The government long ago ended water deliveries, banned hunting and required that Bushmen children go to schools outside the reserve where the national language, Setswana, dominates. Forced removals diminished several Kalahari villages, and most Bushmen now live outside the reserve.

The major exceptions were Molapo and Metsiamanong, where dozens of Bushmen had attempted to maintain their traditional lifestyles while staying close to ancestral graves that they visited regularly in search of guidance.

Yet while some traditions endured, the Bushmen in recent years became increasingly sedentary, growing melons and raising goats. Trading animal skins and crafts provided a small amount of income.

These changes, which the Bushmen say have resulted from increasing restrictions on such traditional activities as hunting, are now part of the argument for removing them. Officials portray the Bushmen, romanticized by such movies as "The Gods Must Be Crazy," as undeserving of special treatment.

"They're villagers, no different than any villagers in remote areas of Botswana," Broekhuis, the assistant parks director, said.

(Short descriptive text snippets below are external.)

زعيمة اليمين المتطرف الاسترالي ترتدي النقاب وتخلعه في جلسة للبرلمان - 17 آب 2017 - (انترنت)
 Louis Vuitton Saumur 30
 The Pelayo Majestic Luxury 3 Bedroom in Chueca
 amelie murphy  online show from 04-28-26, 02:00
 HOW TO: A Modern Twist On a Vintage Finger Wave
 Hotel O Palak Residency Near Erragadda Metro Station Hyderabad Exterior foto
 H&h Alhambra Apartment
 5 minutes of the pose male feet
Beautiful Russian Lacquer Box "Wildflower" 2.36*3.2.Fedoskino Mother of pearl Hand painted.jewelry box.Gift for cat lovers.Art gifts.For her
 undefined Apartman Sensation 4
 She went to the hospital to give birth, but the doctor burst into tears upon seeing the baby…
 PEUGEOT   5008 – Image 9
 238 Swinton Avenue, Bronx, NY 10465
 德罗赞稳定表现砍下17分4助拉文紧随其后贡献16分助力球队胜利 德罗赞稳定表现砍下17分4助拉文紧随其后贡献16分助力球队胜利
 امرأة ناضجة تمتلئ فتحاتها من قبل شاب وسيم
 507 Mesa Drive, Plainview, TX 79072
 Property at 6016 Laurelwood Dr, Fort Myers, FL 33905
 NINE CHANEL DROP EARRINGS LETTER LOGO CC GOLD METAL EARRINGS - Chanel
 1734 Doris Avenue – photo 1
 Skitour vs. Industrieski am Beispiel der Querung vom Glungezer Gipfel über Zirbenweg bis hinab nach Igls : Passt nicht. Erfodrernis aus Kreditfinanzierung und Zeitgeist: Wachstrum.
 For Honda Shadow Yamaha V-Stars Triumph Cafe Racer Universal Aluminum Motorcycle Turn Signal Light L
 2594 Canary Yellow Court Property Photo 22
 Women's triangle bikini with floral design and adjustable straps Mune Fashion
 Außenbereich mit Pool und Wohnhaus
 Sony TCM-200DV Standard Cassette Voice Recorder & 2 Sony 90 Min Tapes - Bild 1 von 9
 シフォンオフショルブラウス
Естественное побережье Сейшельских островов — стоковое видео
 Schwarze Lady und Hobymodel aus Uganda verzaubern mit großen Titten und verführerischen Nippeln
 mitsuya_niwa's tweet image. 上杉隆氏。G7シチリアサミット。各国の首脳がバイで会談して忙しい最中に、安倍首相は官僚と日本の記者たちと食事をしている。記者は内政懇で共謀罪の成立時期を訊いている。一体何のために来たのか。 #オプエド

The Bushmen dispute that. Despite increasingly modern ways, the Bushmen in the reserve maintain three languages, as well as their own ceremonies and sophisticated knowledge of local plants and animals handed down over generations.

The government regards New Xade, about 100 miles west, as essentially the same land, with the same mix of game. The Bushmen don't.

"I like my territory, not here," said Gabologwe Ratoto, a woman who appeared to be about 70 and left Molapo several months ago to visit her children in New Xade. "What I fear is that we will be killed in New Xade because they have guns."

Just five months ago, many of these same villagers said in interviews that they would never leave the game reserve. They had been trucked out before, in 2002, and discovered that they were miserable in New Xade, where unemployment and alcoholism are common.

Yet this week an air of defeat had settled around many of the Bushmen in New Xade. Deprived of water and food, harassed and threatened by guns, they said, they relented and once again got on the government trucks to New Xade.

Their only other choice, they said, was to die.

"I was told, 'If you stay, you will be killed,' " said Khumanego Lentodi, 40, from Metsiamanong. " 'You will go to New Xade dead.' "

Molathwe Mokalaka, with his wife Toiwa Setlhobogwe, said they were harassed into leaving Molapo, one of the last traditional Bushmen villages.